This is a review of a book titled ‘Unearthed: An environmental history of independent India.’ By Meghaa Gupta. Published by Puffin Books. 2020. Price: Rs 299.
Thus, the book covers environmental issues from the Green Revolution to the National Action Plan on Climate Change. Enroute it discusses the large dams controversy, the White Revolution, tiger conservation, the nuclear debate, elephant corridors, groundwater pollution, urban waste, air pollution in Delhi, renewable energy, space debris and climate change.
Book cover of Unearthed: The environmental history of India.This book comes at an opportune time, when young people across the world are demanding action from leaders of different countries for dealing with climate change. If the COVID-19 pandemic had not disrupted the Climate Change Convention Conference of Parties (CoP), to have been held in Glasgow in the UK in December 2020, there would have been continuation of the kind of involvement and protest that global youth displayed at the Madrid CoP in 2019. This movement had its echoes in India too.
When the seniors in the society, country and group of countries go around in circles, and even backwards on environmental progress, it is natural for the young to become impatient. Protest is the first step, which is then followed by a desire to understand the historical context of the environmental issues in India. Unearthed provides this historical context. Suitably illustrated with sketches and cartoons, and with text boxes with biographical sketches of environmental heroes, Gupta has succeeded in creating a ready reckoner for young adults on how Indians worked to conserve their environment.
Multiple options for the readers
The book communicates tricky and controversial issues dispassionately. For instance, it concludes the chapter on the Green Revolution thus: “There are many people who criticize the Green Revolution today. They say it impoverished farmers and damaged our natural environment with chemicals and monocropping. It’s hard to overlook these problems. But food shortage was so acute by the 1960s that without the Green Revolution, India would have suffered a massive famine.”
This is commendable, especially when communicating with young adults. Usually the Green Revolution is either praised for increasing agricultural production or criticised for the environmental and equity side-effects it caused. It is good to understand it as an intervention package that was essential for a young republic struggling to feed its growing population, and trying to hold its head high among the comity of nations.

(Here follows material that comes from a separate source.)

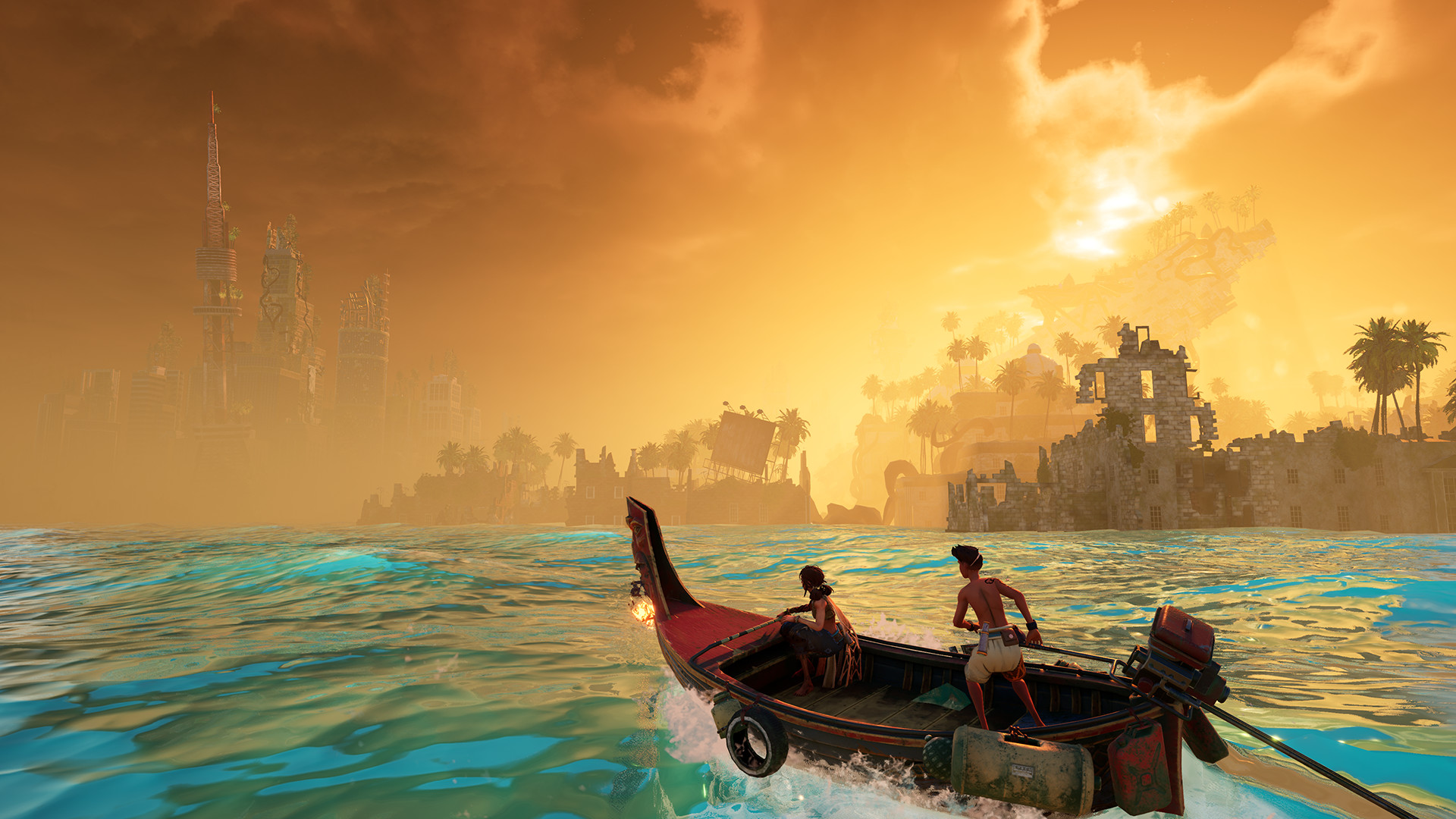 Submerged: Hidden Depths screenshot 1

It also juxtaposes heirloom seeds along with the seeds of the high-yielding varieties that the Green Revolution produced. Heirloom seeds are those that farmers have conserved from their crops and passed on for planting in their and other farmers’ fields. The book talks about Vijay Jardhari and his Beej Bachao Andolan (save the seeds movement), of Jardhargaon in Uttarakhand, which has collected hundreds of seed varieties in a community gene bank.
This group rediscovered the Baranaja method of traditional farming “in which twelve or more crops – a mix of cereals, lentils, vegetables – are planted together. The crops grow in harmony with each other and make the soil fertile over time. The produce isn’t as high, but it’s inexpensive because the farmers don’t need to spend money on buying new seeds, chemical fertilizers or pesticides. Even under unfavourable conditions such as pest attacks or poor weather, the farmers usually manage to get enough produce to feed themselves, their families and their livestock.”
Thus by placing the Green Revolution and the Beej Bachao Andolan next to each other, Gupta exposes to the young readers the two options. Both have their advantages and also their limitations. This has a better possibility of giving a nuanced understanding to the young minds, rather than taking an activistic position for or against a technological intervention such as the Green Revolution.
The Green Revolution led to the spread of agriculture to new areas and increase in agricultural production and productivity of all crops. It also resulted in adverse environmental consquences. Photo by S. Gopikrishna Warrier/Mongabay.Similarly, Unearthed does not fail to mention that the shock of the Bhopal gas tragedy also resulted in the framing of India’s Environment Protection Act of 1986, which gives executive powers to the environment ministry to protect the environment.
Unearthed offers many facets, events and developments that together can help construct the modern Indian environmental history for young readers. However, therein lies the flip side – much has been covered at the surface, without going into the depth of the discussions on each of the issues. Perhaps Gupta will do so in her future books.